Bertie County Farmer Kirk Tice said it’s harvest time, and it’s again a race between the farmer and the black bear on his farm this week.
“They’ll tear a streak up now,” he said, “They don’t just sit in one little spot; they’ll eat as far as they can pull. They’ll sit down there on their hind end and they’ll shove up there like a grownup will.”
Just this week, about a quarter-acre of Tice’s peanut crop has lined the bellies of bears working to fatten up for the winter.
While North Carolina Wildlife officials have offered solutions like fences, targeted planting and others to keep animals from eating the peanuts, he said that would also be costly and wouldn’t work anyway.
“You can run barbed wire fence, you can do anything you want to, if a bear wants a peanut, they’re going to get a peanut. Or, you know, deer, whatever,” he said, and added, “You know, Trump tried to put a wall down at the border. Did that work? No.”
While the bears are, as Tice called them, a nuisance, Bertie County remains in a moderate drought and he said that’s been more impactful to not just his peanut crop but all field crops this year.
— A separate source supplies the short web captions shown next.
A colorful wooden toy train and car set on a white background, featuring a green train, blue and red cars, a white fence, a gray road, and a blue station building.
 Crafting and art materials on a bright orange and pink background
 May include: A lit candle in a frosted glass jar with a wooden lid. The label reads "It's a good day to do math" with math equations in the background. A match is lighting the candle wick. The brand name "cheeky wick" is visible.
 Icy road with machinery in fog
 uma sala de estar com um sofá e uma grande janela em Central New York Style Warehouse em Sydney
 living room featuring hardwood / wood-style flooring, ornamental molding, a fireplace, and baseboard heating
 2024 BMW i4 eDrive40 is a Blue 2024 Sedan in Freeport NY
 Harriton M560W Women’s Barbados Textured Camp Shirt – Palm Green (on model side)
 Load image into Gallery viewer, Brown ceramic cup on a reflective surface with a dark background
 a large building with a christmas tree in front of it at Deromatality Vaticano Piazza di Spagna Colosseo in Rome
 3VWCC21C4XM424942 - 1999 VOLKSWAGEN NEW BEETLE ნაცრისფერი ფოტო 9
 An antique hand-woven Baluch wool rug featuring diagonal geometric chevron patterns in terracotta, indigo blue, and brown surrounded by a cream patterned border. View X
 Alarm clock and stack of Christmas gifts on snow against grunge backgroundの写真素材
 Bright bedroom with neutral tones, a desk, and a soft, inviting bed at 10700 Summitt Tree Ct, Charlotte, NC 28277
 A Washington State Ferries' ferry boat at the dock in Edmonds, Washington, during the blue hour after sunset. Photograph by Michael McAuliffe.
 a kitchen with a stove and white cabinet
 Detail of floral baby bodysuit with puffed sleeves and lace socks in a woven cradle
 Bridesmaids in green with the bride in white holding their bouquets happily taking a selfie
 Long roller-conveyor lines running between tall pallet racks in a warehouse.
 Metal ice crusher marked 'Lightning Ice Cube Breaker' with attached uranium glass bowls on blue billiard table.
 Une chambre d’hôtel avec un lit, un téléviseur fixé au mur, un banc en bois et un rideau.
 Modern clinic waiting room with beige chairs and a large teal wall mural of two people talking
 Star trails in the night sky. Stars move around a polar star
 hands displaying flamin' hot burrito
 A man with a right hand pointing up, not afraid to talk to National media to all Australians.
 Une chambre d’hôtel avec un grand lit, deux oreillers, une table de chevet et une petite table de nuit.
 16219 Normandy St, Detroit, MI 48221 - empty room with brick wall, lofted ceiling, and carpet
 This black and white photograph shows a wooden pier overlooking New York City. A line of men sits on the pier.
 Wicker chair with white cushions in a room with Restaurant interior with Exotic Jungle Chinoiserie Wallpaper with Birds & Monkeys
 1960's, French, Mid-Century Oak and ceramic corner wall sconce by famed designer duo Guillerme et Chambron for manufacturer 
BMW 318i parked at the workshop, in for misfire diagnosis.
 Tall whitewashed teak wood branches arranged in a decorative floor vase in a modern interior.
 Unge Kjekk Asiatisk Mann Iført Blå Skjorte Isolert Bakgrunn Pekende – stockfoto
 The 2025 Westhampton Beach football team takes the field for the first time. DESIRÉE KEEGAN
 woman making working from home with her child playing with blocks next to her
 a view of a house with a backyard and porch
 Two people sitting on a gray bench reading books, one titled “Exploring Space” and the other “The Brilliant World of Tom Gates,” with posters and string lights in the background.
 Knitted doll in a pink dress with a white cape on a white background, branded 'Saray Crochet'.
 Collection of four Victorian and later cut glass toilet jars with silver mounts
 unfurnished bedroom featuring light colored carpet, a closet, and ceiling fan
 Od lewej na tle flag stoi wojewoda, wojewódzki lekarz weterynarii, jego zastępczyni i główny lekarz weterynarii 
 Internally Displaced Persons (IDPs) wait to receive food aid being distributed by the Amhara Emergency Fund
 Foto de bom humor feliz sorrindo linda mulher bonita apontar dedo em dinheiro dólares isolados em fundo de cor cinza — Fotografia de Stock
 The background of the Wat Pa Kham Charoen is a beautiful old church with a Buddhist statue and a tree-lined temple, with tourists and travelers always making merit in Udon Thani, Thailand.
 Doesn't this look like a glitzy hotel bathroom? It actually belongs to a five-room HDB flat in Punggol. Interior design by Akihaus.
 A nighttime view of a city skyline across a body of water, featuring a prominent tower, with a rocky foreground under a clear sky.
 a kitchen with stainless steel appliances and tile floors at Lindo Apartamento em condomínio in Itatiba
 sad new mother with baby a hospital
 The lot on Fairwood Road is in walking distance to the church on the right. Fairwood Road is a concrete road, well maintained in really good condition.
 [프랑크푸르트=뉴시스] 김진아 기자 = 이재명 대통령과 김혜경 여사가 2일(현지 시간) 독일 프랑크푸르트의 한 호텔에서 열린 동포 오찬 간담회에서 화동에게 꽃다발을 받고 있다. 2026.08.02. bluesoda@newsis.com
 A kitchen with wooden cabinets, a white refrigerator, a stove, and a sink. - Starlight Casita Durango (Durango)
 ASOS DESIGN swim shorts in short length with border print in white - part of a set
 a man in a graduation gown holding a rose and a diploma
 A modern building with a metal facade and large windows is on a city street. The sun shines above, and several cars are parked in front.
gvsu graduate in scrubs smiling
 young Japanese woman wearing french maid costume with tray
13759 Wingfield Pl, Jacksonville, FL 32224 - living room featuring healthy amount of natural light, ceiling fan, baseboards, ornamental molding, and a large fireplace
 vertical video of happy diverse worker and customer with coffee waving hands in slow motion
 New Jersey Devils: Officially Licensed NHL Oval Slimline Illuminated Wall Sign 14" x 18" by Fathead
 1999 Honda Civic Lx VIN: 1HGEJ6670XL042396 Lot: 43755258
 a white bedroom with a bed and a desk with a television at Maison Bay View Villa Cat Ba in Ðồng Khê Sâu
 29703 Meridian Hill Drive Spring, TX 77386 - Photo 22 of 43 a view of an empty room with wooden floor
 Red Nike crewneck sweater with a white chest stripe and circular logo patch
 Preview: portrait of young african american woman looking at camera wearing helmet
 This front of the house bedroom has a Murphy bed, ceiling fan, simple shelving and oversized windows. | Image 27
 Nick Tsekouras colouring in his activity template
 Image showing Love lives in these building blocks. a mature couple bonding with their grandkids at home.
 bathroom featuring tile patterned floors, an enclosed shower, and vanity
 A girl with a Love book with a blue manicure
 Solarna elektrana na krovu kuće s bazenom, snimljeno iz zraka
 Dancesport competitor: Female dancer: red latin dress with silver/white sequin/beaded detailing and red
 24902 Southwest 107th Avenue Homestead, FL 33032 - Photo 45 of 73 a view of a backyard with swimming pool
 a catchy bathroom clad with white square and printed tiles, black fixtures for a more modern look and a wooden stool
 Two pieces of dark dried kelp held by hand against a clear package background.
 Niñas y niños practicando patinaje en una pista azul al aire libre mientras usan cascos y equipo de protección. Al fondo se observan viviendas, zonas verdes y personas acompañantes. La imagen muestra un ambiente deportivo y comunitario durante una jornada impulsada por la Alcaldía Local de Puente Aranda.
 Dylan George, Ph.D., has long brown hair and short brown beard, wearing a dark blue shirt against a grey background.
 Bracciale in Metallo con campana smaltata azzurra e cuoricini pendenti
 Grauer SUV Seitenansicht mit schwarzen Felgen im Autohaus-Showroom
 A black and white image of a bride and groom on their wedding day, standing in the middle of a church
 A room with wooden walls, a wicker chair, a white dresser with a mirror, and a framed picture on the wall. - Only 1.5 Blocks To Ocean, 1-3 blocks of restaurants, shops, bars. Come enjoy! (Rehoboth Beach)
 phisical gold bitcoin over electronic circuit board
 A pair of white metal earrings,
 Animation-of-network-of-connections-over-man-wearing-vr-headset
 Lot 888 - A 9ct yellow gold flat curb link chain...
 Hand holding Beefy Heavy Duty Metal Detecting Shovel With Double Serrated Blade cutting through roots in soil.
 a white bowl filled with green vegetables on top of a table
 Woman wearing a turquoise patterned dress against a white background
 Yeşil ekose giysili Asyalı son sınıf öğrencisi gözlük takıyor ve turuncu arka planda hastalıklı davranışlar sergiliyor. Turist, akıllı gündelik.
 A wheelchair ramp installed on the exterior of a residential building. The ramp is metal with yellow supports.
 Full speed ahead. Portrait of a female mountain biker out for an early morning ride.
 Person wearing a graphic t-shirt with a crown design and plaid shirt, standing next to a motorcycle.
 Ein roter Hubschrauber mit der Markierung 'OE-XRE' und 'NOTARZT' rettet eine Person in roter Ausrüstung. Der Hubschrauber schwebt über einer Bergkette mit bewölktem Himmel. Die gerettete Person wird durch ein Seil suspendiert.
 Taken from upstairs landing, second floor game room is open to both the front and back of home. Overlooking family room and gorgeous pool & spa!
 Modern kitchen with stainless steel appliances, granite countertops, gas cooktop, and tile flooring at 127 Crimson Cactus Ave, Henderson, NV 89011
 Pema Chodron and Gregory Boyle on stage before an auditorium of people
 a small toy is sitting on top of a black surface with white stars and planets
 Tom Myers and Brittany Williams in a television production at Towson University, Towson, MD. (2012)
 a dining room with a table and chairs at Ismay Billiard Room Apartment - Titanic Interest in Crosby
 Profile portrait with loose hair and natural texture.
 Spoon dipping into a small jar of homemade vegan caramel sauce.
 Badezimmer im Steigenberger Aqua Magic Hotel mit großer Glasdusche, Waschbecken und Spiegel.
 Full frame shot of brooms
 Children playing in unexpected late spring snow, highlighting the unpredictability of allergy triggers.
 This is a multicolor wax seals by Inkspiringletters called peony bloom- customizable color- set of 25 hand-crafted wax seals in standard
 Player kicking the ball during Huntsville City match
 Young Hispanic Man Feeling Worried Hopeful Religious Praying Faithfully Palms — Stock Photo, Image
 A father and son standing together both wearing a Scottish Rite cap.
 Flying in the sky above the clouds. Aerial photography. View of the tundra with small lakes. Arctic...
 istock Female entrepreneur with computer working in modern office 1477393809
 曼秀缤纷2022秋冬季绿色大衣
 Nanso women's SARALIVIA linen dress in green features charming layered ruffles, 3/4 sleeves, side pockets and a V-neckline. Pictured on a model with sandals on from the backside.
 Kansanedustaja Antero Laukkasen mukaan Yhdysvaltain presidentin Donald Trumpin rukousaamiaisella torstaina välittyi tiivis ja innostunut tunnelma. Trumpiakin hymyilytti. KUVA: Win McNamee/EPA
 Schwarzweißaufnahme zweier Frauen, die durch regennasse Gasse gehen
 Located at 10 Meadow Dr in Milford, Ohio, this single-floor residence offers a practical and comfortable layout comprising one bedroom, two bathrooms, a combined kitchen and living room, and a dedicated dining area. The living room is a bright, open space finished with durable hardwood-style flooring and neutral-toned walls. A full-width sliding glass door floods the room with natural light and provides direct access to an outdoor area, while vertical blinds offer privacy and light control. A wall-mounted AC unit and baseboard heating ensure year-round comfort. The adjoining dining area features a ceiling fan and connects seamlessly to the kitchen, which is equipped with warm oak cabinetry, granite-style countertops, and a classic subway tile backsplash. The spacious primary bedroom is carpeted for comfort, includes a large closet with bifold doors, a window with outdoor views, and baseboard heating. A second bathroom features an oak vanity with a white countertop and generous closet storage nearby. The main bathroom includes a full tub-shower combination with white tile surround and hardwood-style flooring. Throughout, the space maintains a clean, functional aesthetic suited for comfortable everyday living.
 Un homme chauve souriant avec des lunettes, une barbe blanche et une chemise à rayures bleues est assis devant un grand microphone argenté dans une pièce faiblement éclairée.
“The dry weather’s been worse than the bears and the deer, I’ll put it like that,” he said.
Tice said rainfall is one of the most important elements in farming.
“What makes a farmer a good farmer is the rainfall,” Tice said, “If you get the rain at the right time it’s going to make you look like you’re a right good farmer.”
North Carolina is the fifth-largest peanut-producing state, and the crop contributed more than $104 million dollars in cash receipts – or three percent -- of the state’s $3.4 billion dollars in cash crops.